Available records: Begin

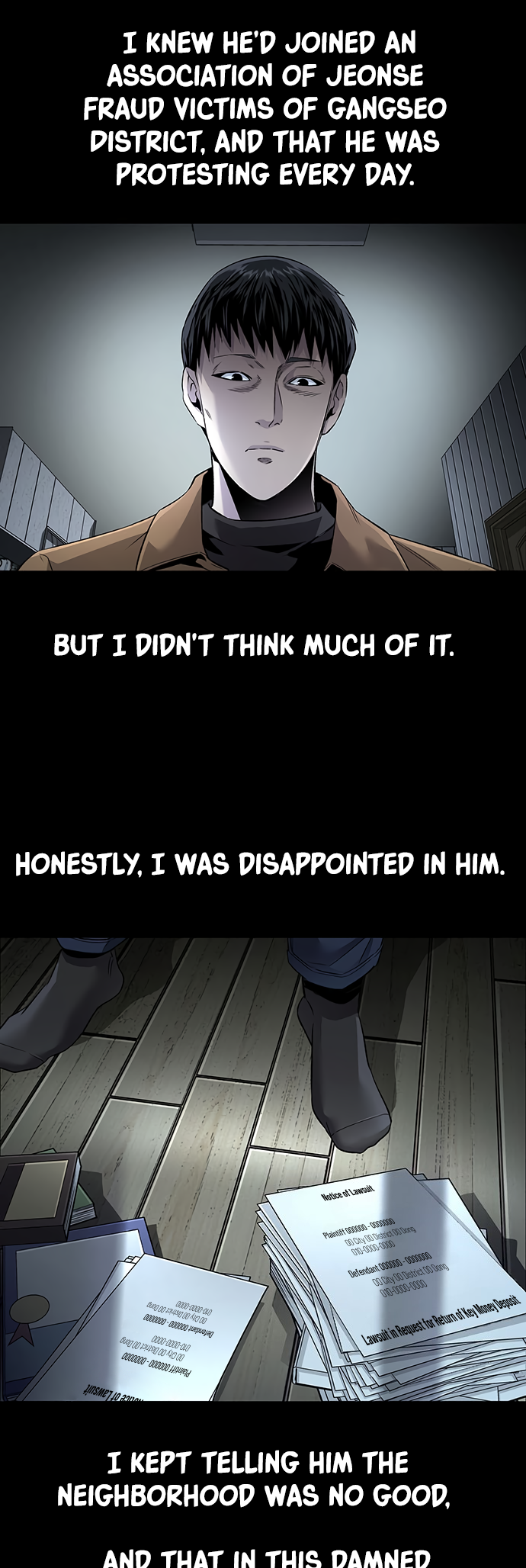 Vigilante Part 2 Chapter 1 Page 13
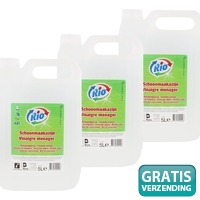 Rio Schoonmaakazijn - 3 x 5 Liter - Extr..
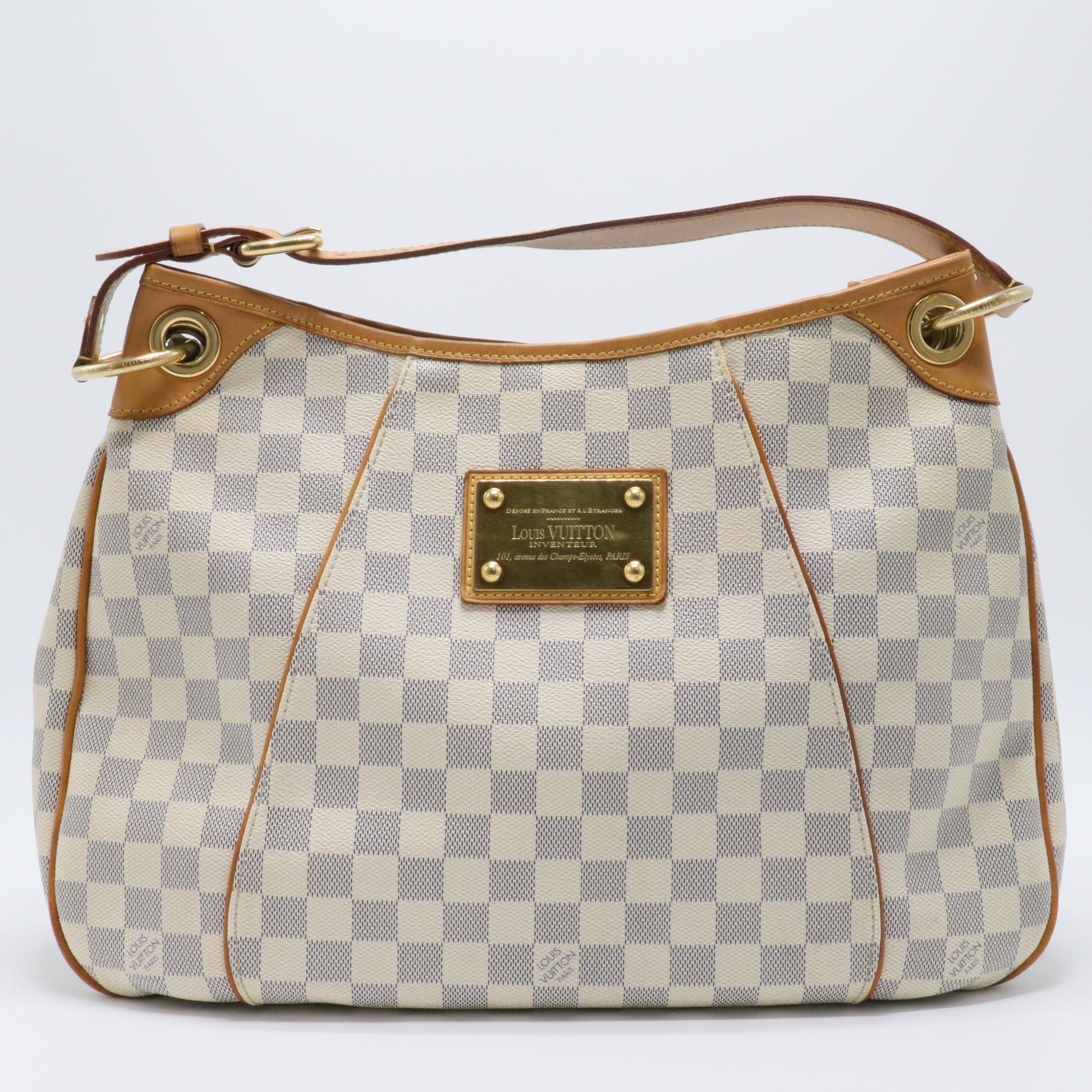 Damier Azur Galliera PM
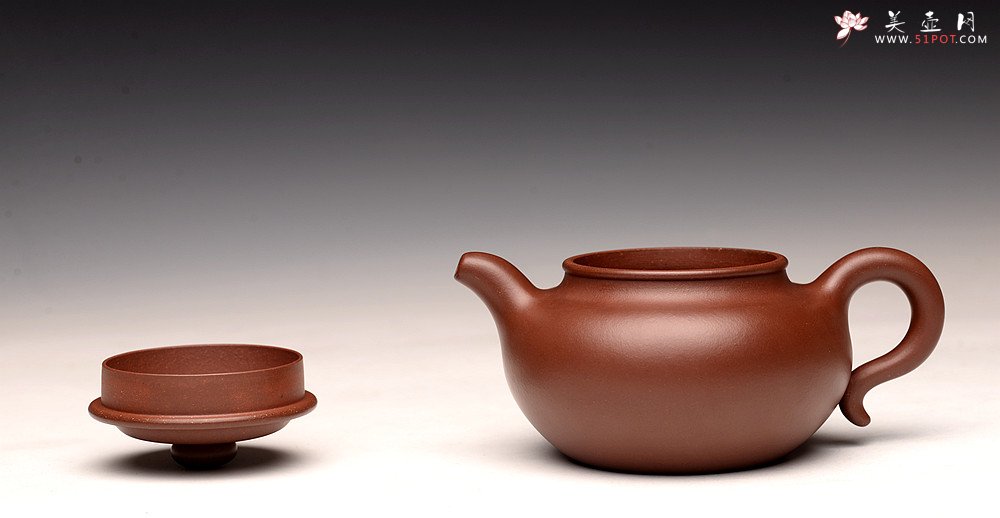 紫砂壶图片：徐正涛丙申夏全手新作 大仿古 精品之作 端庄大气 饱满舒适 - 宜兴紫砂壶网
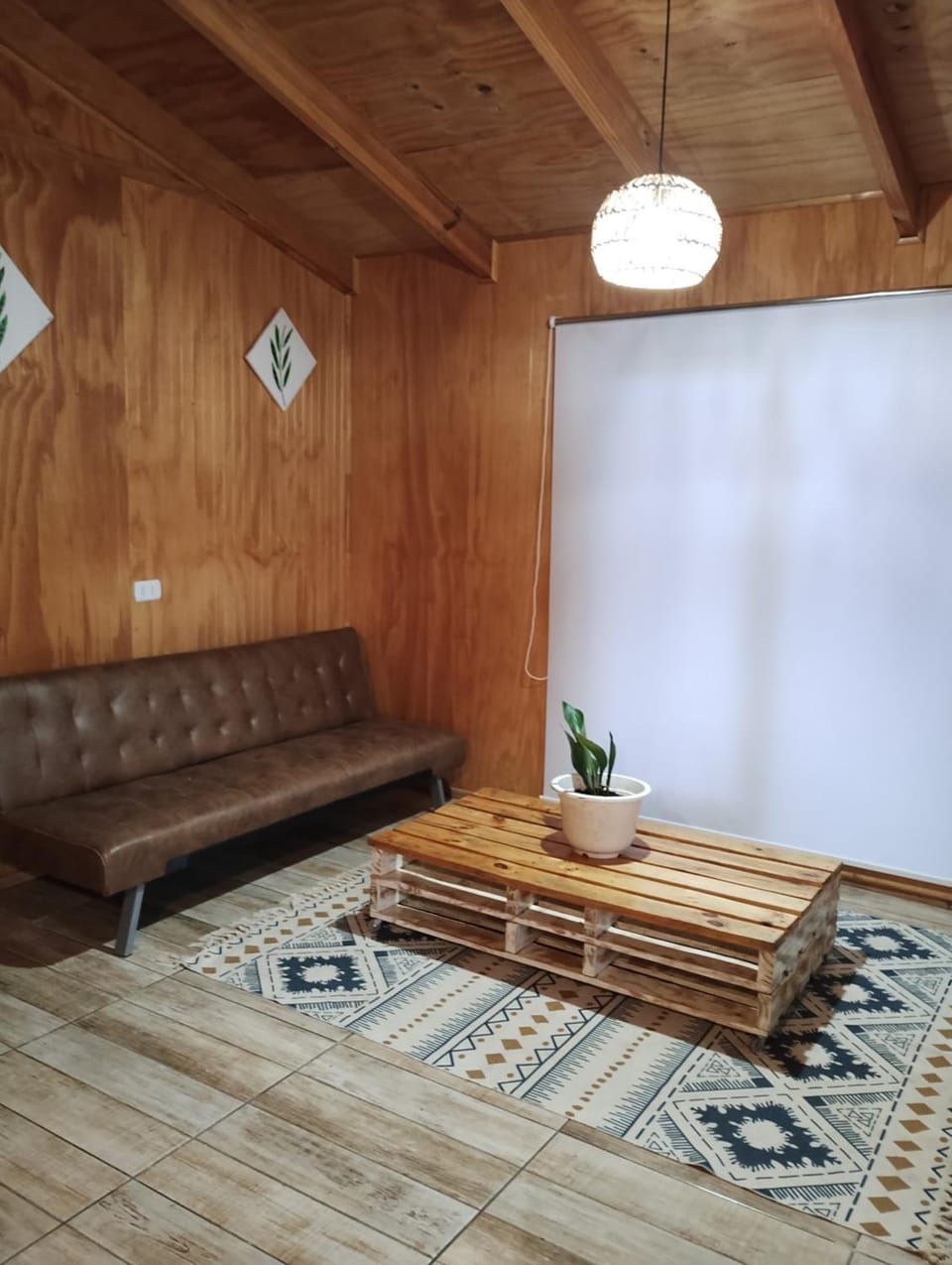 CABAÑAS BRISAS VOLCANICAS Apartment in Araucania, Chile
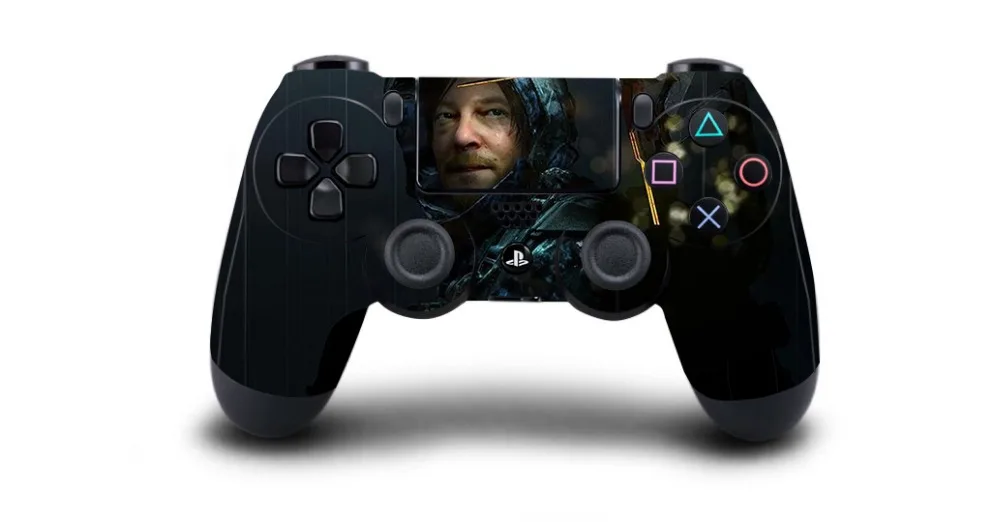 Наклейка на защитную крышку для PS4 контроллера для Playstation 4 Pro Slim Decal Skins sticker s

Available records: End

Instructions to follow: What you return must match, line for line, the span from the line containing "Damier Azur Galliera PM" through the last line of the listing above, with every picture omitted.

Answer section:
 Damier Azur Galliera PM
 紫砂壶图片：徐正涛丙申夏全手新作 大仿古 精品之作 端庄大气 饱满舒适 - 宜兴紫砂壶网
 CABAÑAS BRISAS VOLCANICAS Apartment in Araucania, Chile
 Наклейка на защитную крышку для PS4 контроллера для Playstation 4 Pro Slim Decal Skins sticker s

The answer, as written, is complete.